┌─ Input for this task

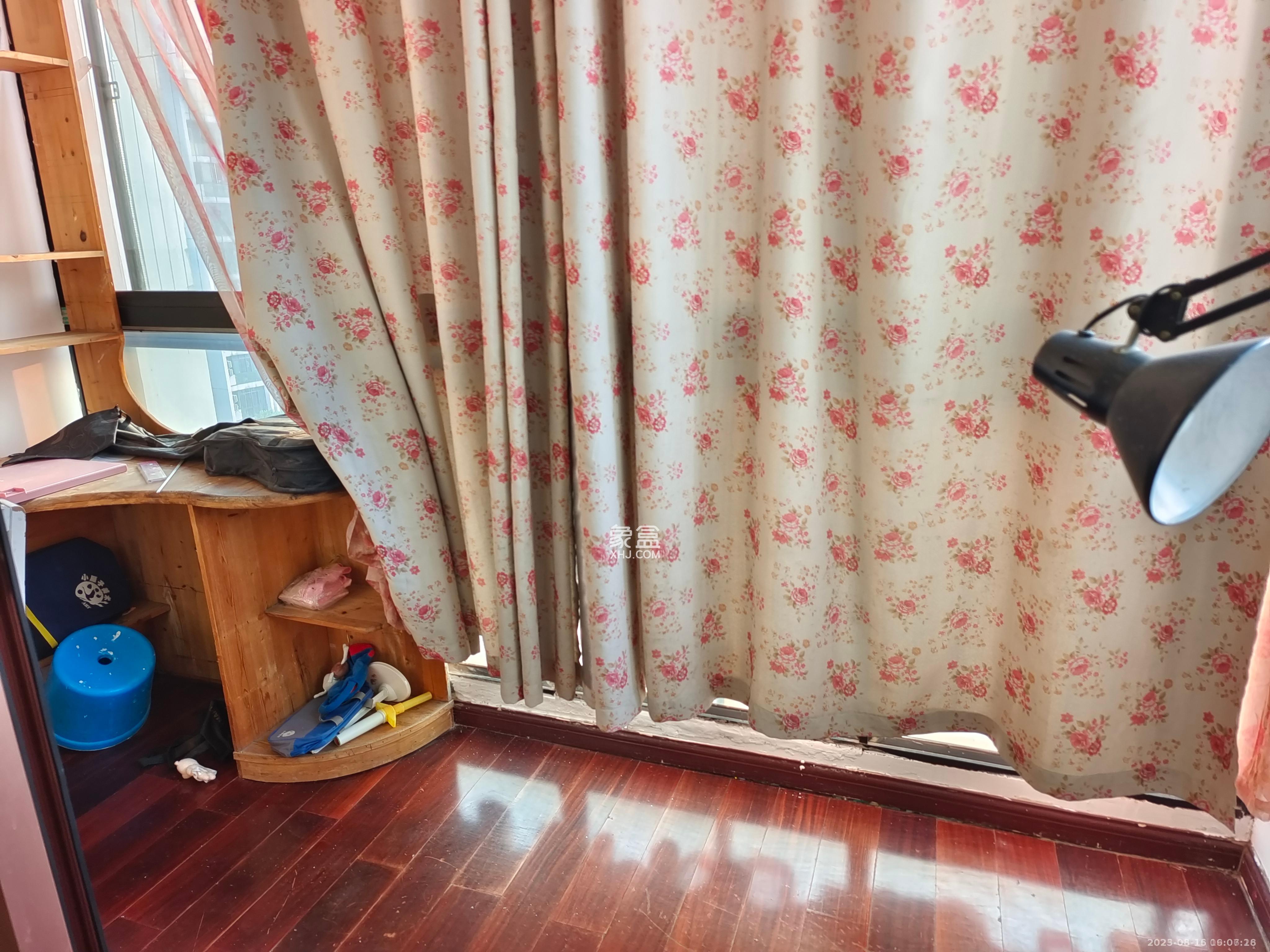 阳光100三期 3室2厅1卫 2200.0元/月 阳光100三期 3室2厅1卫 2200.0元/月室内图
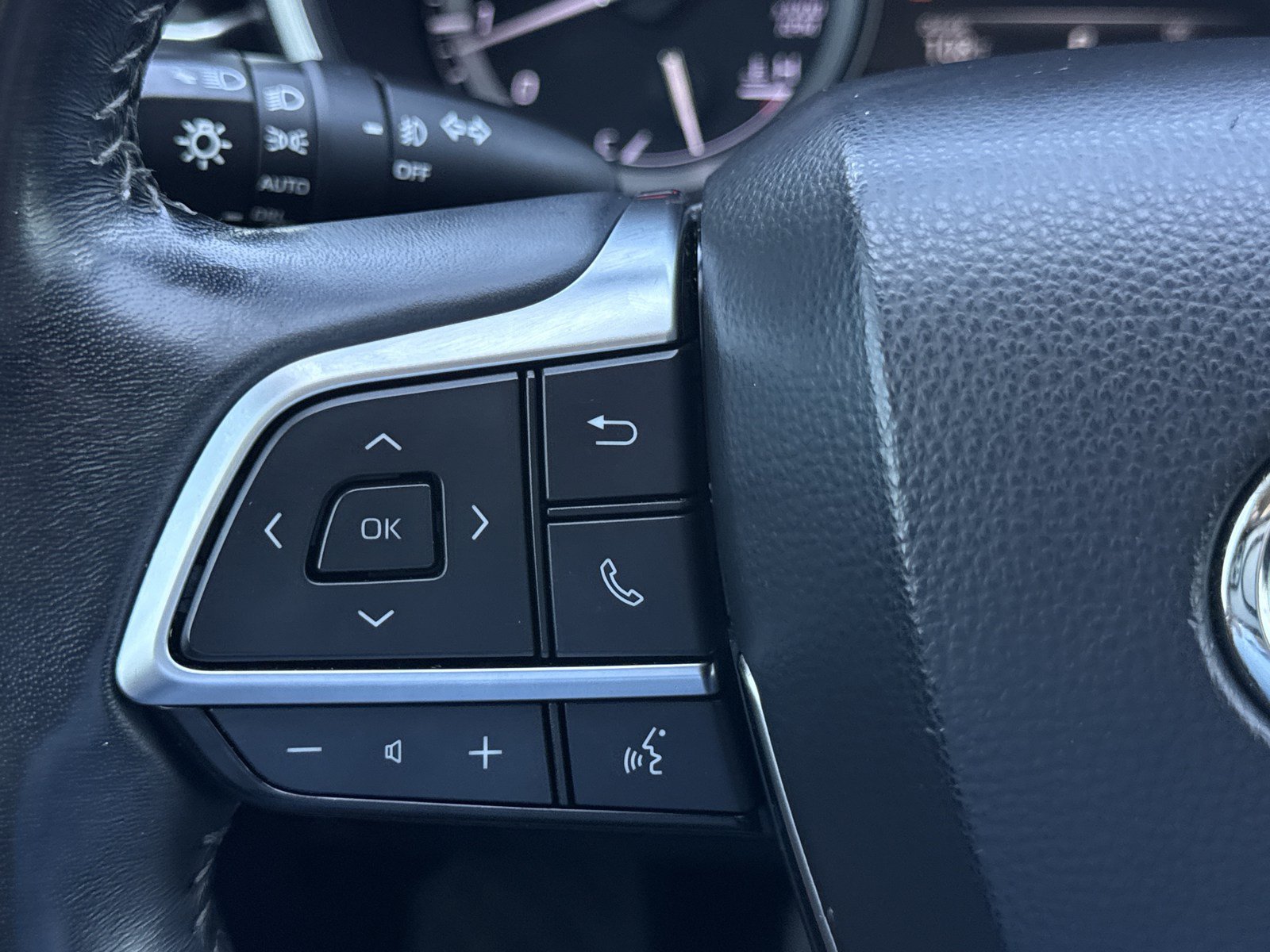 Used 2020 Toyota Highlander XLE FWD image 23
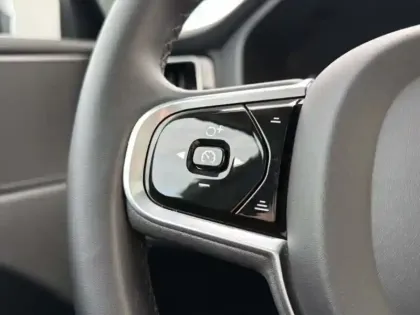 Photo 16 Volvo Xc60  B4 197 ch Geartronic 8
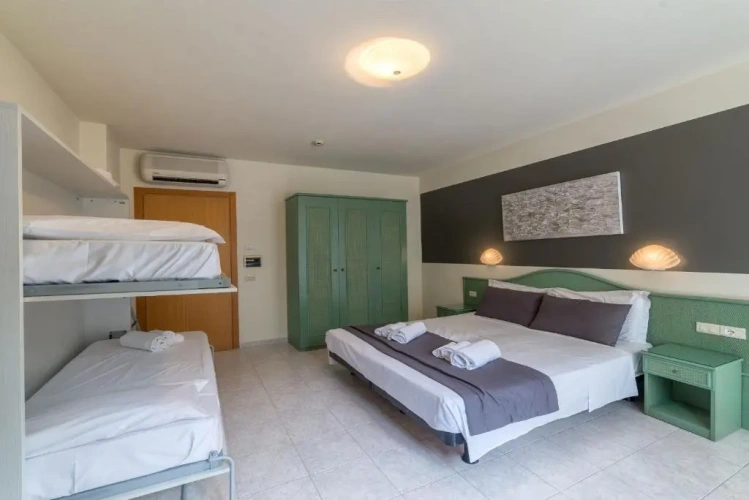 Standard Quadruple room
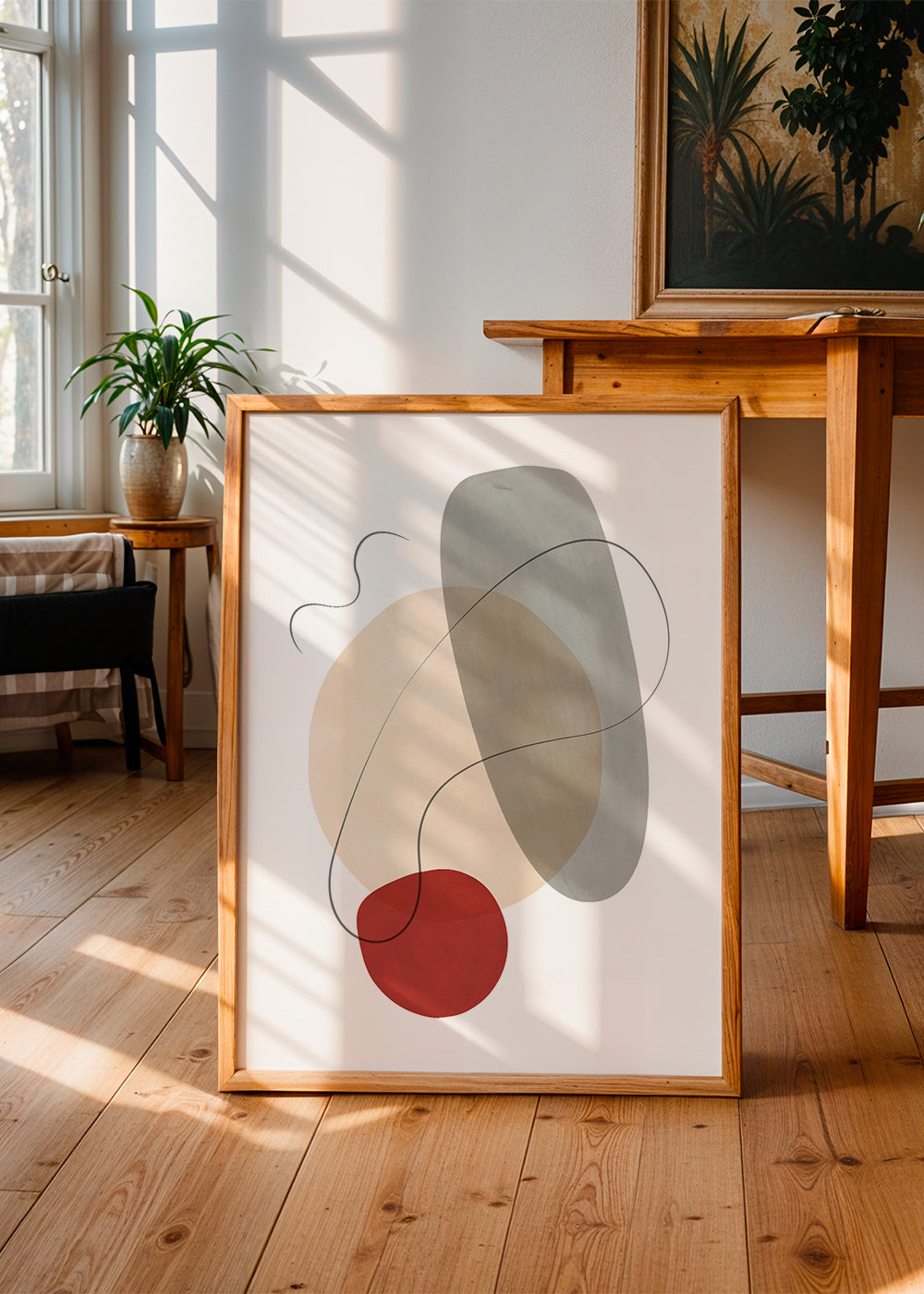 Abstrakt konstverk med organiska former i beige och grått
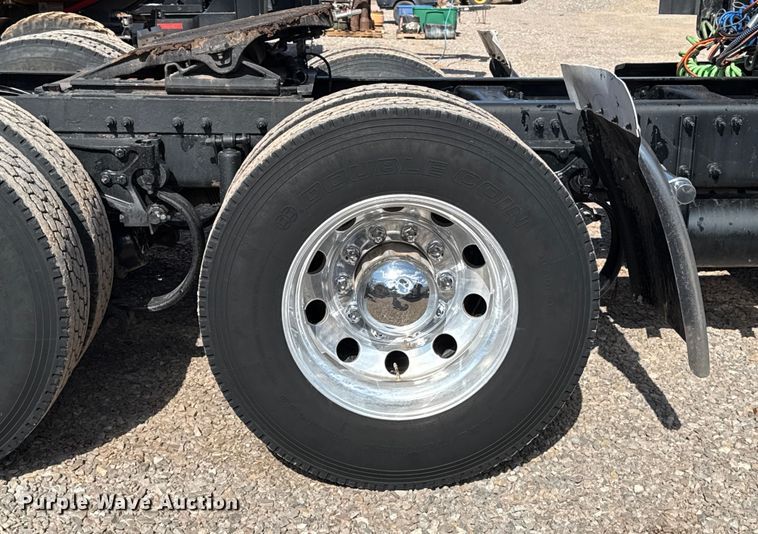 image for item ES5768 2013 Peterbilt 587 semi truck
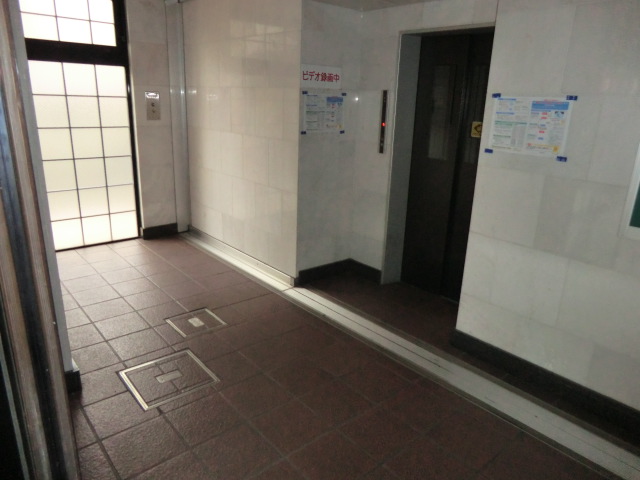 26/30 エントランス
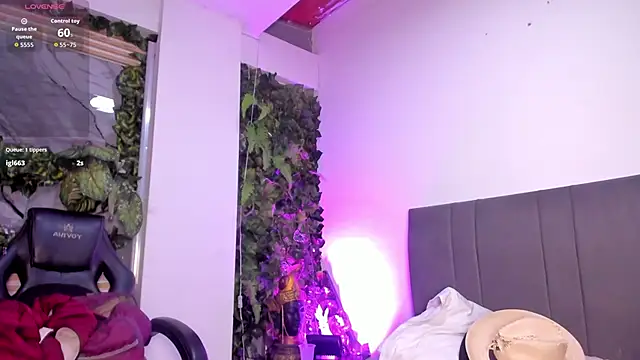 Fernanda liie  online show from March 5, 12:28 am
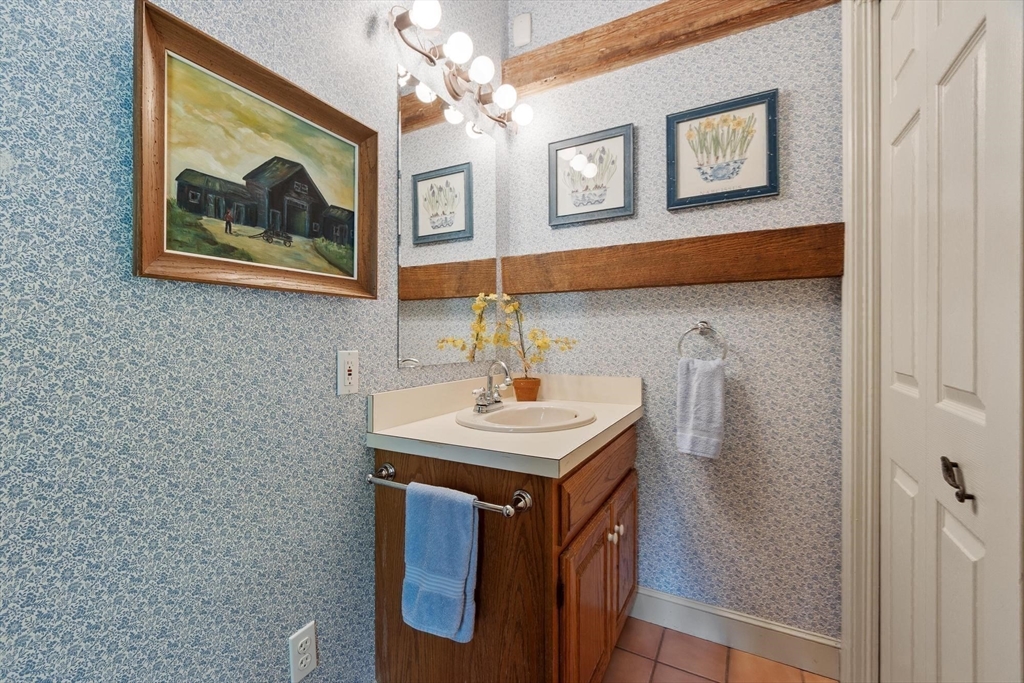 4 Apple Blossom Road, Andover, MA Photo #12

└─

### Exercise directions
Please return every record above exactly, but leave out the pictures.

### Finished exercise
 阳光100三期 3室2厅1卫 2200.0元/月 阳光100三期 3室2厅1卫 2200.0元/月室内图
 Used 2020 Toyota Highlander XLE FWD image 23
 Photo 16 Volvo Xc60  B4 197 ch Geartronic 8
 Standard Quadruple room
 Abstrakt konstverk med organiska former i beige och grått
 image for item ES5768 2013 Peterbilt 587 semi truck
 26/30 エントランス
 Fernanda liie  online show from March 5, 12:28 am
 4 Apple Blossom Road, Andover, MA Photo #12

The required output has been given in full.